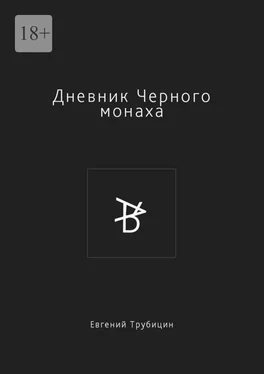 Евгений Трубицин Дневник Черного монаха обложка книги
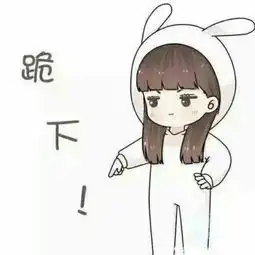 跪下扑通动漫情侣头像
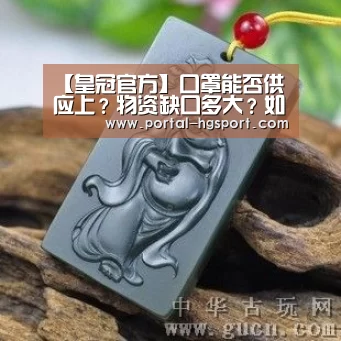 【皇冠官方】口罩能否供应上?物资缺口多大?如何调配?(图3) 皇冠体育下载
========================================================================
Directions => Skip every picture and transcribe the data above exactly.

Answer to the problem =>
 Евгений Трубицин Дневник Черного монаха обложка книги
 跪下扑通动漫情侣头像
 【皇冠官方】口罩能否供应上?物资缺口多大?如何调配?(图3) 皇冠体育下载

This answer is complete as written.